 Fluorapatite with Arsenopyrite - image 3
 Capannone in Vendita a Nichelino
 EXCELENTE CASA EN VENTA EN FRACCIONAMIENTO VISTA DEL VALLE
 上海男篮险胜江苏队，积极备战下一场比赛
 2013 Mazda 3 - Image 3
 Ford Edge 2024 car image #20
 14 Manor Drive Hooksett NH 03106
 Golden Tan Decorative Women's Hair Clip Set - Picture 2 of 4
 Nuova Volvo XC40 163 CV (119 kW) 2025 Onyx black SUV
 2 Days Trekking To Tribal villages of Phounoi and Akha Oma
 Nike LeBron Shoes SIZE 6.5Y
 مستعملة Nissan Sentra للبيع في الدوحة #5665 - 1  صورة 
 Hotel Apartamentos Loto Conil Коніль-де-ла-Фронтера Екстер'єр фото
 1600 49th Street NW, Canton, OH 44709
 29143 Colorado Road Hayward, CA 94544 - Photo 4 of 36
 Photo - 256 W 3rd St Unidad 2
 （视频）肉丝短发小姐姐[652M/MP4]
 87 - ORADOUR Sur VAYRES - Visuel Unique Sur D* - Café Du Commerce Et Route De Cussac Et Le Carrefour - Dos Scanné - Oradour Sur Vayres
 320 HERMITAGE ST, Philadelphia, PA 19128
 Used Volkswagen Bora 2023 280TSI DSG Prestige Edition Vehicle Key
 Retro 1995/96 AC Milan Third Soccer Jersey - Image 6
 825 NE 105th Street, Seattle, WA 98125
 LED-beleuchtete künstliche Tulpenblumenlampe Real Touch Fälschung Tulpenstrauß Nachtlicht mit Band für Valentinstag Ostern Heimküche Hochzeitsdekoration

..............................

Of the lines above, output exactly those from the line bearing "87 - ORADOUR" through the line bearing "Used Volkswagen Bora", inclusive.

## Response to the task
 87 - ORADOUR Sur VAYRES - Visuel Unique Sur D* - Café Du Commerce Et Route De Cussac Et Le Carrefour - Dos Scanné - Oradour Sur Vayres
 320 HERMITAGE ST, Philadelphia, PA 19128
 Used Volkswagen Bora 2023 280TSI DSG Prestige Edition Vehicle Key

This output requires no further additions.